Data recently released by the U.S. Bureau of Labor Statistics shows that 459,000 construction jobs are unfilled, the highest amount since the end of 2022.
Analysis of the report by the Associated Builders and Contractors indicates that industry job openings increased by 43,000 last month and were up by 111,000 from the same time last year.
“November’s 5.4% job opening rate is higher than at any point from the start of the data series in 2000 to the end of 2021," said Anirban Basu, ABC's chief economist.
Construction employment in December totaled 8,056,000, seasonally adjusted. Per analysis, only 2,000 jobs were added to the construction sector in November and there was an increase of 17,000 in December.. On a year-over-year basis, industry employment has increased by 197,000 jobs, an increase of 2.5%, still outpacing the 1.7% job growth in the overall economy.
“Although construction employment is still growing in most parts of the country, it is falling in more places than earlier this year,” said Ken Simonson, Associated General Contractors of America’s chief economist. “In some cases, firms are seeing a slowdown in demand, but for many the biggest challenge is finding enough workers to hire.”
A related report shows that construction employment declined in almost a quarter of metro areas between November 2022 and November 2023 as demand tapered in some parts of the country and labor shortages made it hard for contractors to fill vacancies.
With nearly half of contractors indicating in recent surveys done by the associations that they plan to increase their staffing levels over the six months, wage pressures are expected to remain in place through the early parts of 2024.
Generally, the hiring increases are attributed to the megaprojects within the manufacturing sector.
“Manufacturing-related construction continues to surge and now accounts for roughly 45% of the year-over-year increase in nonresidential spending,” said Basu.
According to another federal report released this week, national nonresidential construction spending declined 0.1% in November. Spending was reported as being down monthly in 11 of the 16 nonresidential subcategories.
Private nonresidential spending increased 0.2% for the fifth consecutive monthly increase, while public nonresidential construction spending fell 0.6% in November.
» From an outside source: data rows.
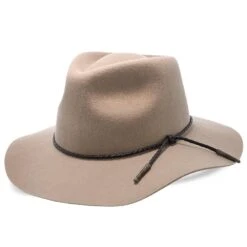 Monterey - Walrus Hats Light Brown Wool Felt Wide Brim Fedora Hat - H7010 26 Monterey - Walrus Hats Light Brown Wool Felt Wide Brim Fedora Hat - H7010 -Bailey Store walrus hats fedora monterey walrus hats light brown wool felt wide brim fedora hat h7010 hat 16524406587532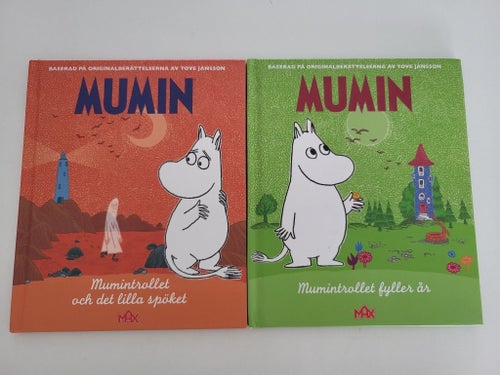 2st Mumin MAX Böcker Mumintrollet fyller år och lilla spöket Av Tove Jansson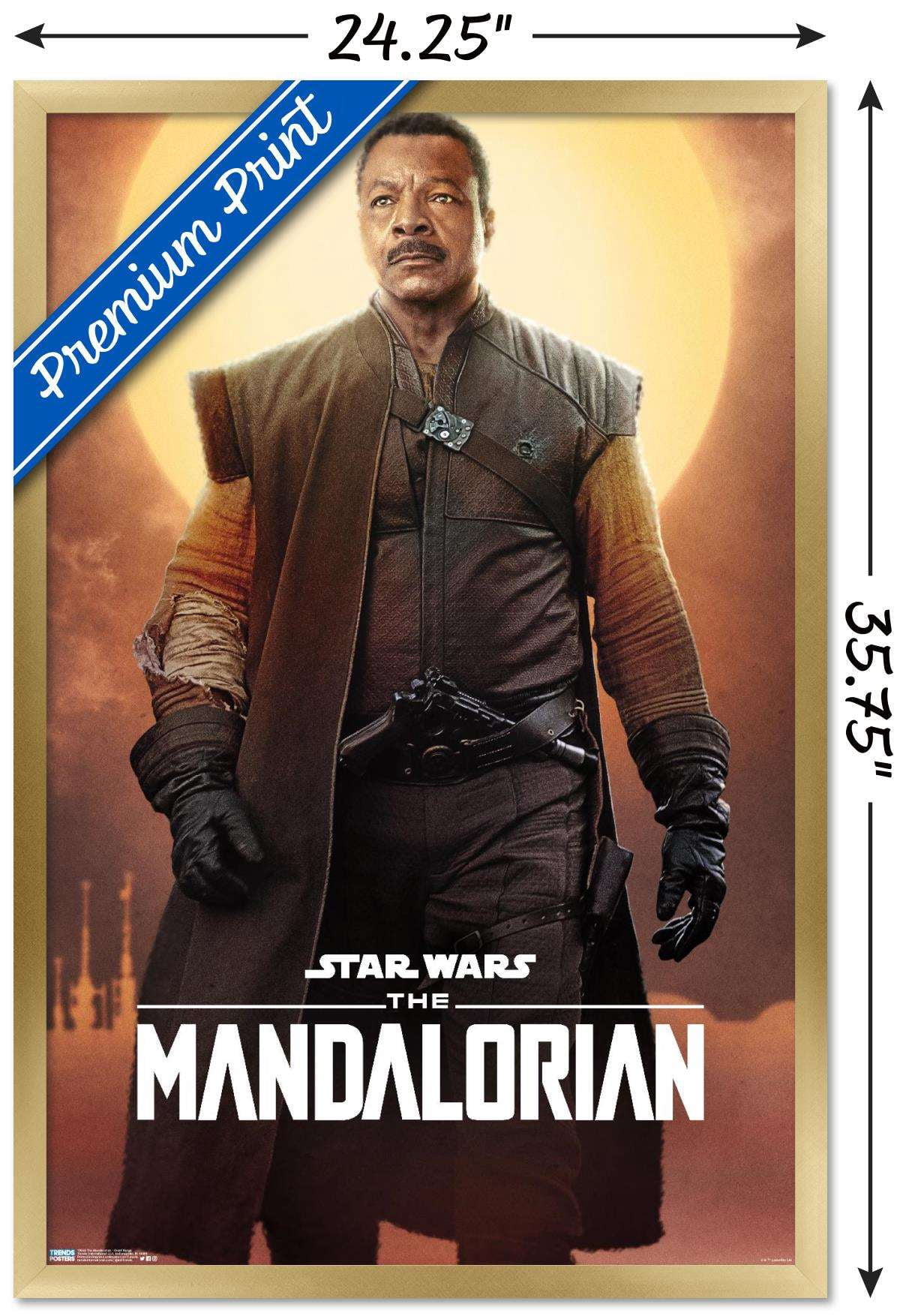 Star Wars: The Mandalorian - Greef Marda Wall Poster, 22.375" x 34", Framed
Within the largest segment, manufacturing construction, spending climbed 0.5 percent. Among other large private categories, commercial construction, comprising warehouse, retail, and farm projects, spending declined 0.5%, while investment in power, oil, and gas projects rose 0.8 percent. Spending on offices and data centers, as well as private healthcare facilities, was virtually unchanged.
Public construction spending slumped 2.2% in November despite a minimal 0.1% increase in the largest category, highway and street construction.
Additional declines were recorded in spending on educational structures, which slipped by 0.3%, and 1% on transportation facilities. Spending on other infrastructure categories tumbled even further with declines of 1.6% for sewage and waste disposal, 1.4% for water supply, and 4.4% for conservation and development.
"Despite the monthly setback, spending is up an impressive 18.1% over the past year, with the gains evenly distributed between the public and private sectors, and currently sits just below the all-time high established in October," Basu said.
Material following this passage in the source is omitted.